有时候夜里独自坐着,闭上眼睛,常常会想起童年的屋子、明月照过的树枝、那条弯弯曲曲的回家小路以及被拆掉的中学。
有一天思乡病严重发作,实在无从寄托,我用谷歌的地图工具,来测量现在江城的家和故乡的距离。感谢科技,数目精确到了小数点,是172.5公里。其实地理距离根本不远,但心理距离却如同天涯海角。我安慰自己,人会老,故乡会面目全非,时间也不会为谁停留。正因为如此,我们才有缅怀的余地,但某种哀伤却还是挥之不去。
1678年,瑞士医生让·雅各·哈德用希腊文词根。创造了一个新词,即countrysickness(思乡病)。这个词传遍世界,不同的语言有不同的造词法。人们的语言不同,乡愁却一样。
所谓的故乡,其实并不存在。从你真正离开和告别的那一天起,地理上的故乡就不属于你了。一旦你在异乡落地生根,即便故乡亲友尚在,你回去就已经是客人了。从乡村到大大小小的城镇,其实都在流动迁徙。年月再久一点,甚至没什么人记得你了。这种忘却,是真正意义上的断绝,“请看石上藤萝月,已映洲前芦荻花”。

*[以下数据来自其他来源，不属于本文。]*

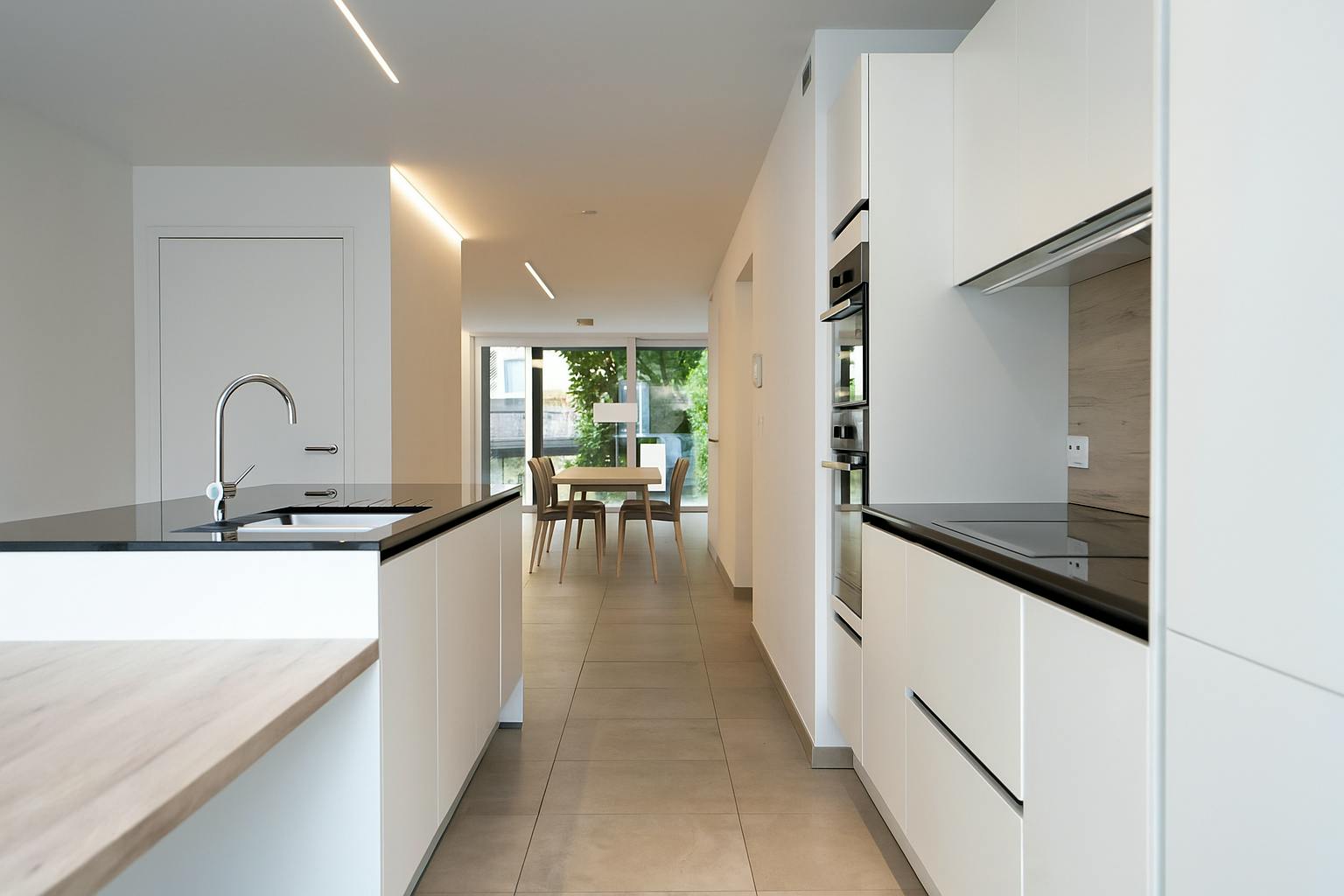 Magnifiek appartement (140m²) te huur in Kortrijk foto 2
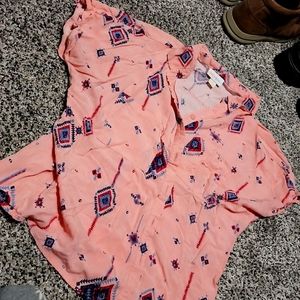 Lularoe buttons tee💖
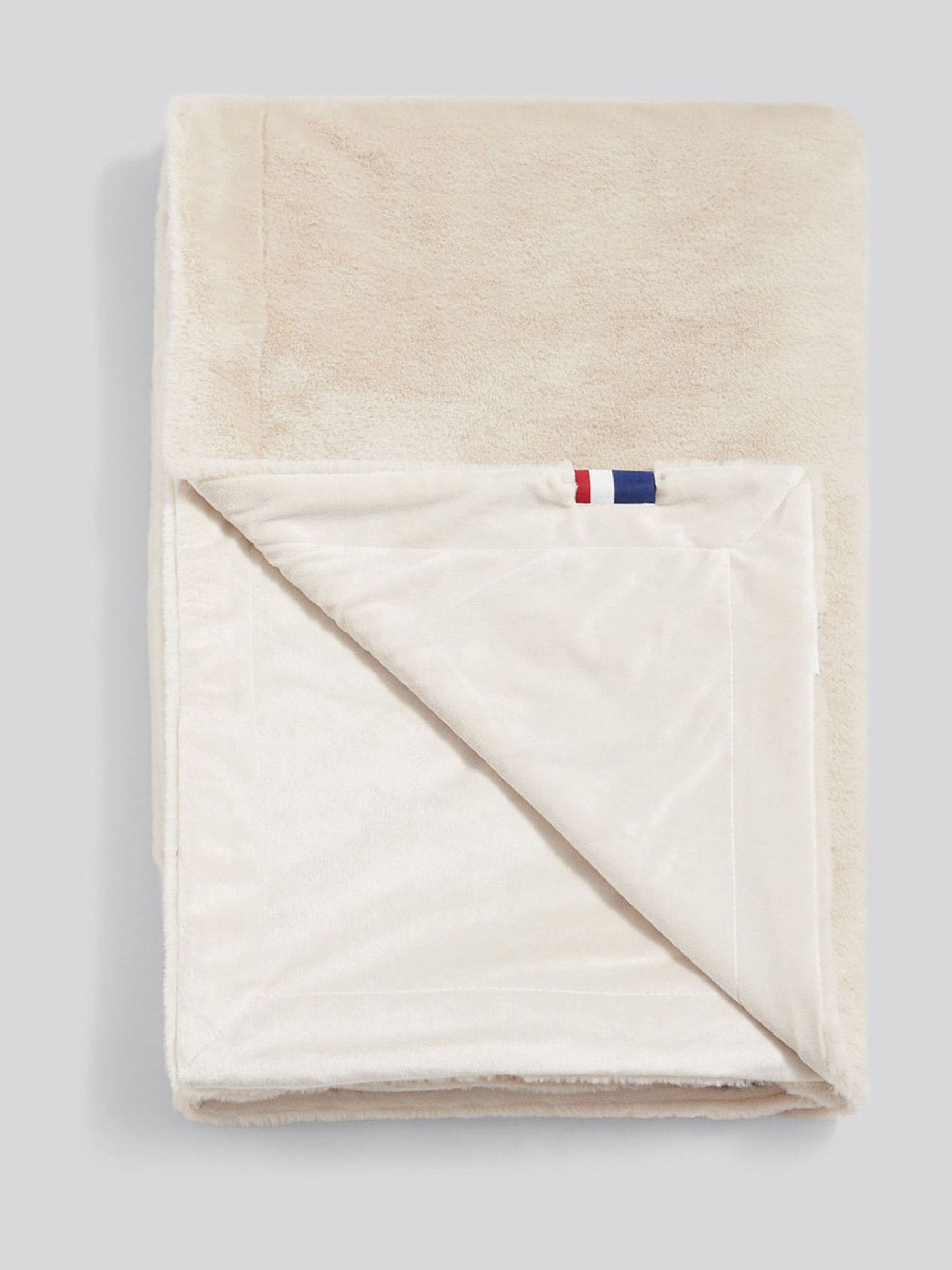 US Polo Assn Silver Birch fur-style throw 130x170cm (British brand)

成为异乡人,就只能为自己寻找新的安身立命之所。对我来说,仿佛一件庞大而完全个人化的工程。失去了地理意义的故乡,另外一个心理上的“故乡”就需要诞生。
旧时的邻居说过的话,师友们的短暂交流,从前的一草一木、一条路、一栋房子、一道月光,都成为记忆,随身携带,不离不弃。